My keynote presentation was entitled "Natural Gas Moving Forward: LNG, Hubs, and Pricing Prospects." In it I addressed where liquid natural gas (LNG) prices have been... where they are now... and where they're going.

I thought I would share my presentation with you in today's Money Morning, as it will be especially useful as we look for opportunities with investing in natural gas. Here's what I told my audience... the straight story on what's happening in the LNG sector...

A Brave New World for Natural Gas?

natural-gasTen years ago next month, I was sitting in a meeting of analysts, practitioners, and energy sages discussing the condition of the U.S. natural gas market. We all agreed that by 2020 the country would be importing at least 15% of the gas used daily.

That turned out to be quite a "B.S." read - "before shale," that is.

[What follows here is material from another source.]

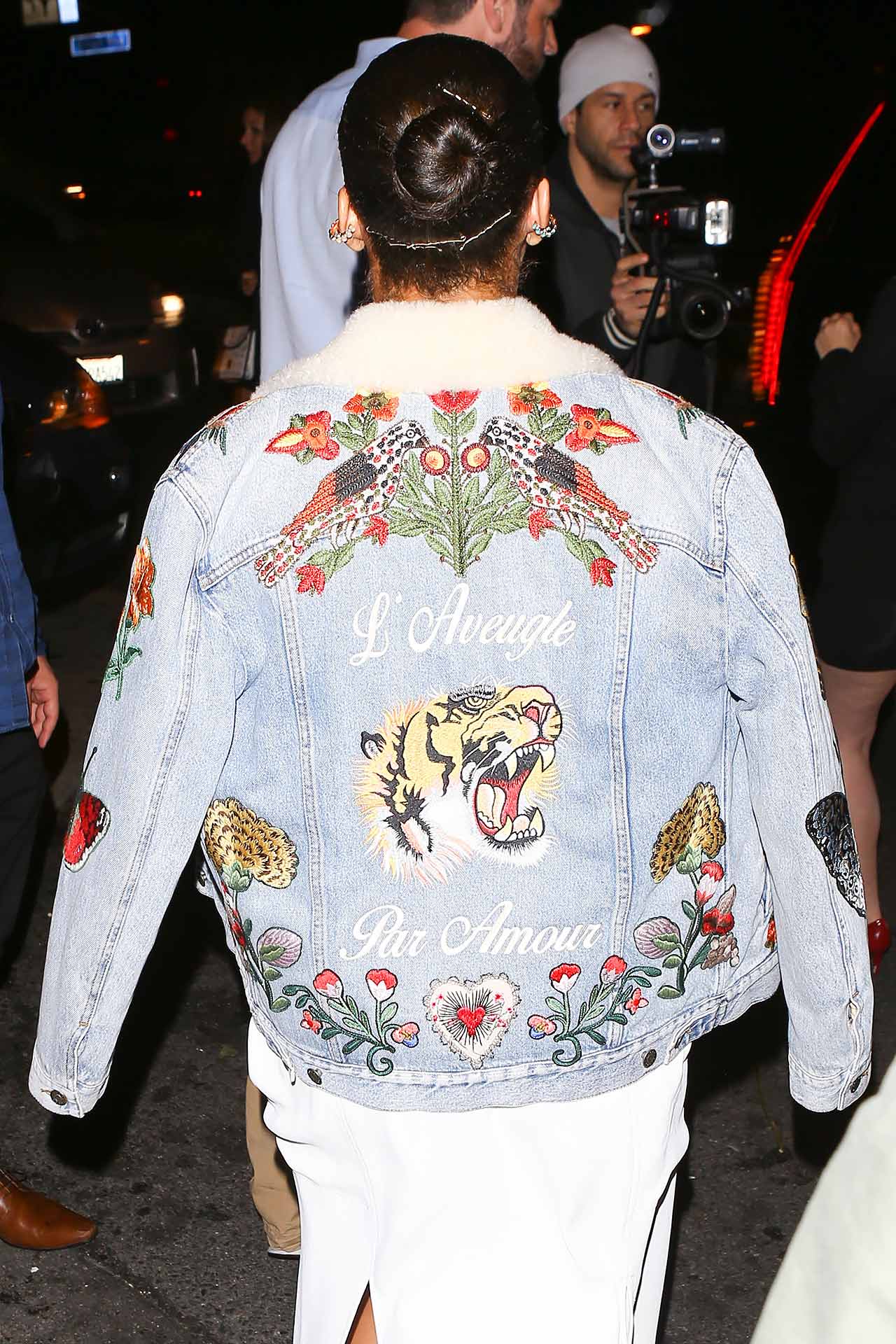 Rihanna-Wears-A-Gucci-Embroidered-Denim-Jacket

Well, these days we are at another juncture. And this one is going to propel us into quite a different market. I want to lay out for you what I have been experiencing in the world energy market, the import of discussions around the globe, and the impact on things closer to home.

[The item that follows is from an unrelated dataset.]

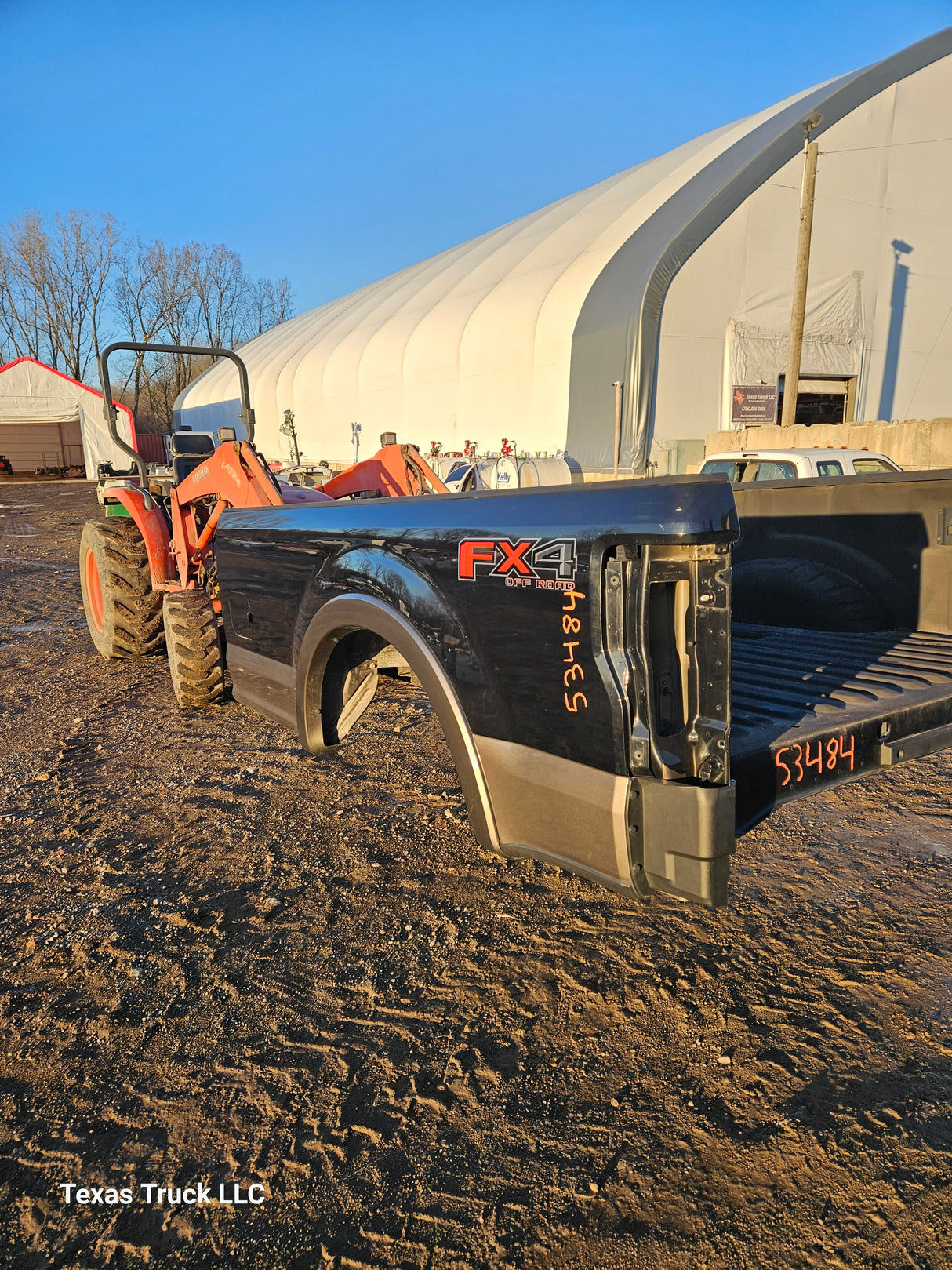 2017-2022 Ford F250 F350 Super Duty 8' Long Truck Bed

"Brave New World" is going to be an understatement. And that becomes clear when we sketch out the current and short-term projections for natural gas production and demand, along with the picture attending, expanding end uses for gas - electricity generation, industrial applications, for vehicle fuel, and as feeder stock for petrochemicals.

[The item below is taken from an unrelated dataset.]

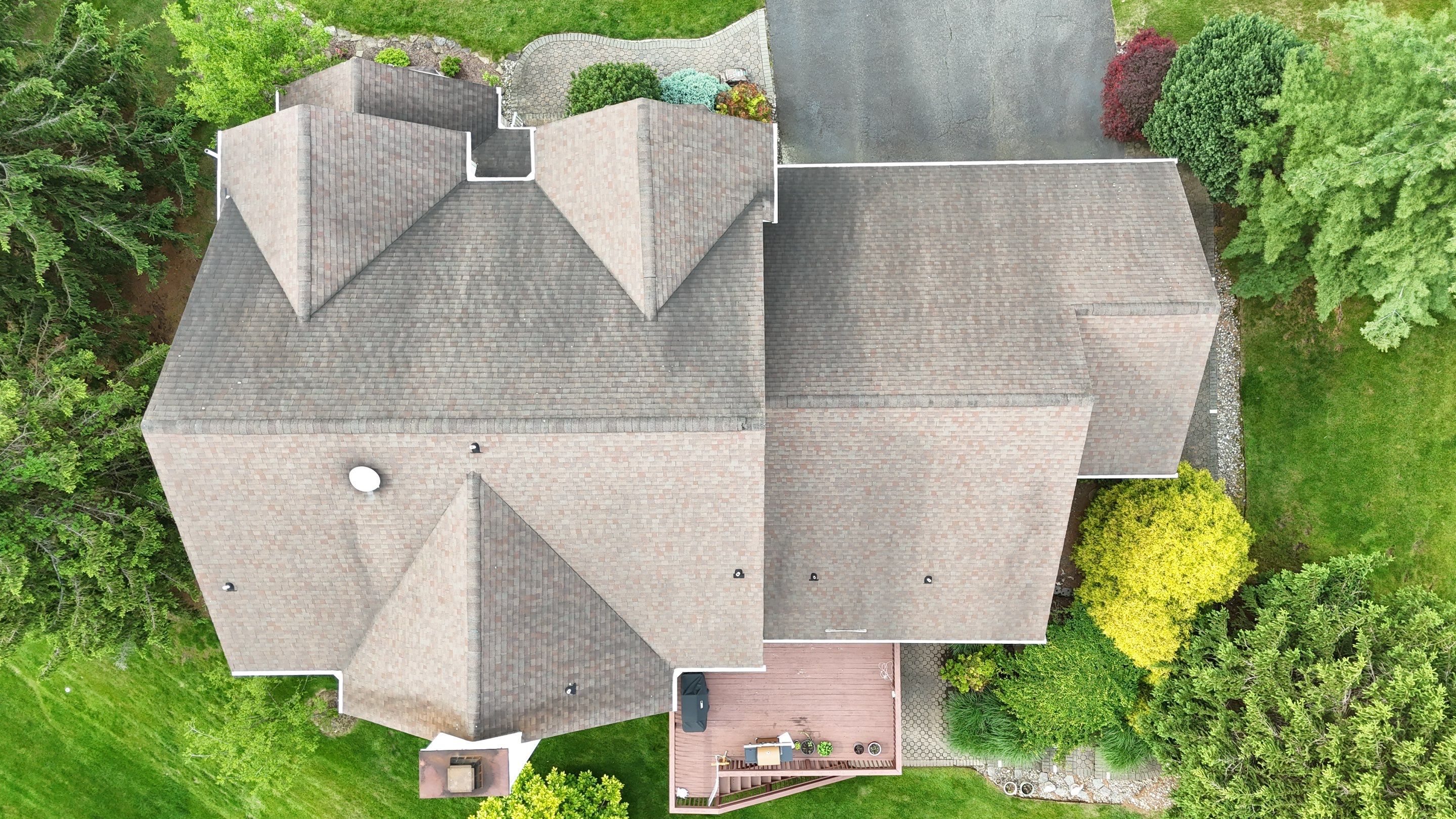 Roof Project in Wayne, NJ. by All State Home Improvement Inc.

But first, let me outline the current domestic energy situation...

The State of the U.S. Natural Gas Market

Natural gas inventory at the end of July came in 23% higher year on year (after two months of declines). That figure is estimated to reach 3.867 trillion cubic feet (tcf) by the end of October (and the end of the summer refill season) - 69 billion cubic feet (bcf) above the five-year average and the second highest on record.

2015 demand should end up at 76.5 bcf per day (bcf/d), or 27.9 tcf for the entire year. This is up 4.08% from 2014. Gas marketed production is expected to grow by an annual rate of 5.4% in 2015, to 78.72 bcf/d, and to rise 2.3% in 2016, to 80.52 bcf/d. That puts it at an estimated total of 28.7 tcf for 2015.

According to the Aug.14 figures from Baker Hughes, the natural gas rig count stands at 211, 52% down year on year and 87% down from the high-water mark of 1,606 in September 2008.

Of course, increasing efficiency in drilling and well services has been improving per well production while lowering costs. However, primary production from unconventional tight and shale plays are still coming in with primary production in the first 18 months or so while market considerations continue to put a restraint on rework and refracking options.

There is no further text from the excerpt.